Go through the records and give each one again exactly, omitting the images.

» Dataset extract
■ ■ ■ ■
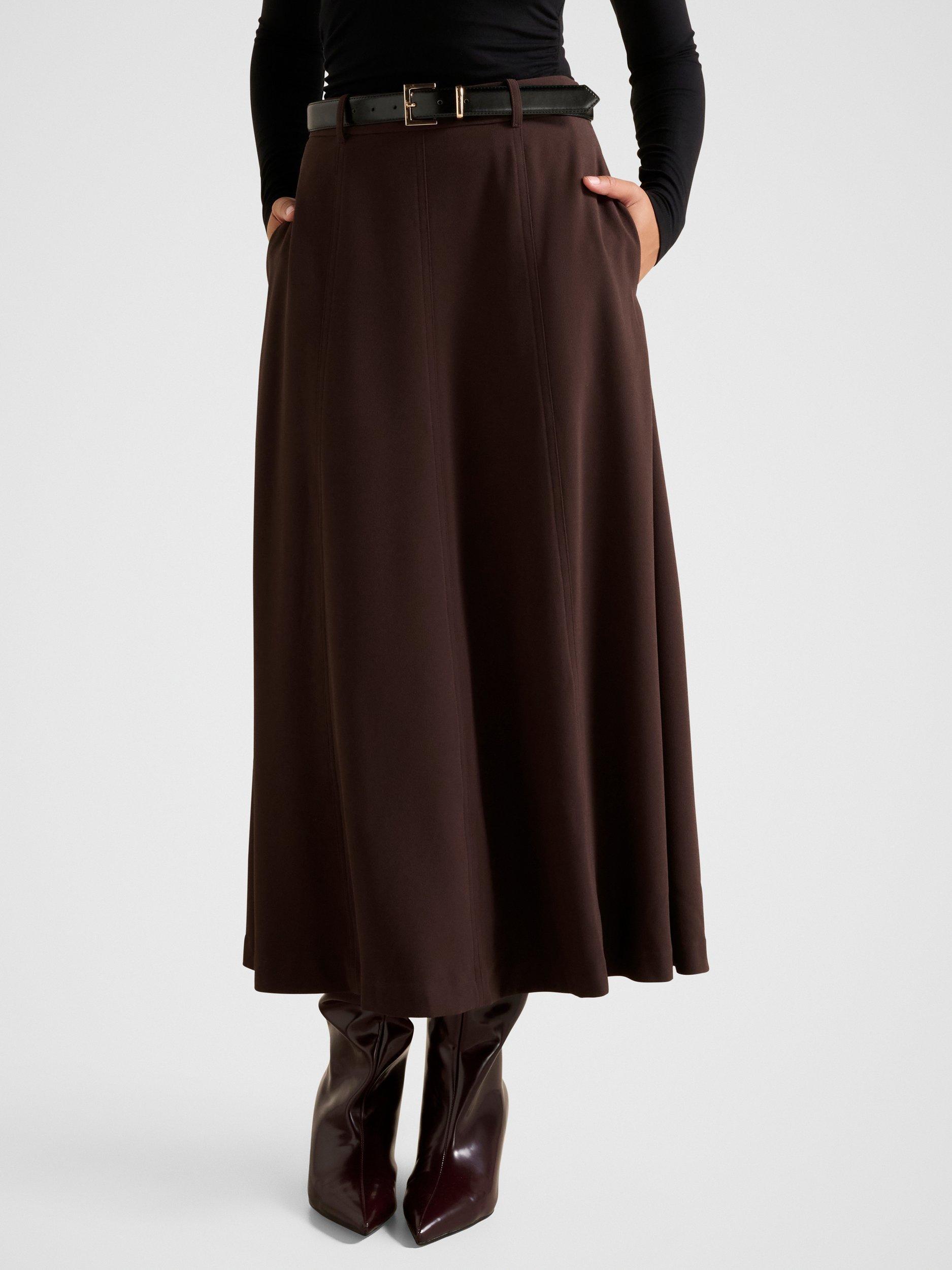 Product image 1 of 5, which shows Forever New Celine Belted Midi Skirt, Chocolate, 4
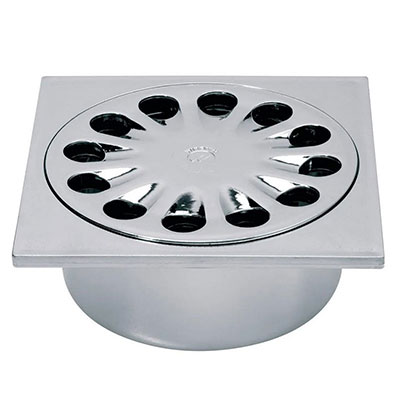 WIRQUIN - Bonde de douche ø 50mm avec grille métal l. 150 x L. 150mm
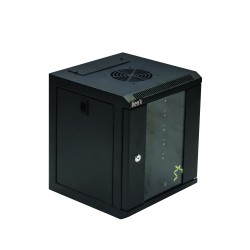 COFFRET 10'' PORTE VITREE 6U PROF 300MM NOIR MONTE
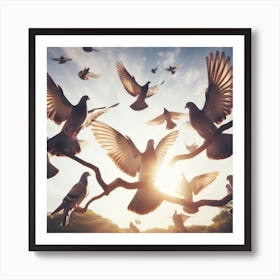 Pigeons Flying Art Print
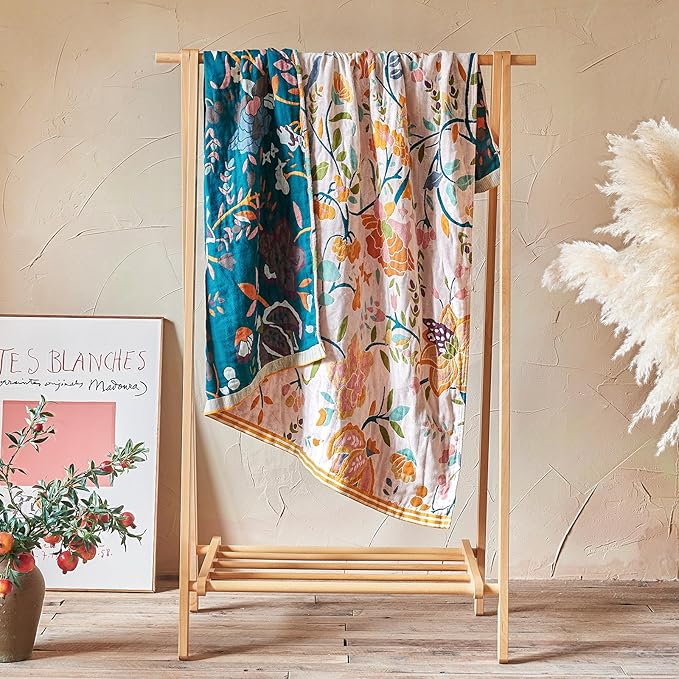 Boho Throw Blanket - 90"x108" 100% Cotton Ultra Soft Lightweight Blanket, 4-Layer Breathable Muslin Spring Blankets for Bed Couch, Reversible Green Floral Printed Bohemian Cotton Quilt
■ ■ ■ ■
» Result for this exercise
 Product image 1 of 5, which shows Forever New Celine Belted Midi Skirt, Chocolate, 4
 WIRQUIN - Bonde de douche ø 50mm avec grille métal l. 150 x L. 150mm
 COFFRET 10'' PORTE VITREE 6U PROF 300MM NOIR MONTE
 Pigeons Flying Art Print
 Boho Throw Blanket - 90"x108" 100% Cotton Ultra Soft Lightweight Blanket, 4-Layer Breathable Muslin Spring Blankets for Bed Couch, Reversible Green Floral Printed Bohemian Cotton Quilt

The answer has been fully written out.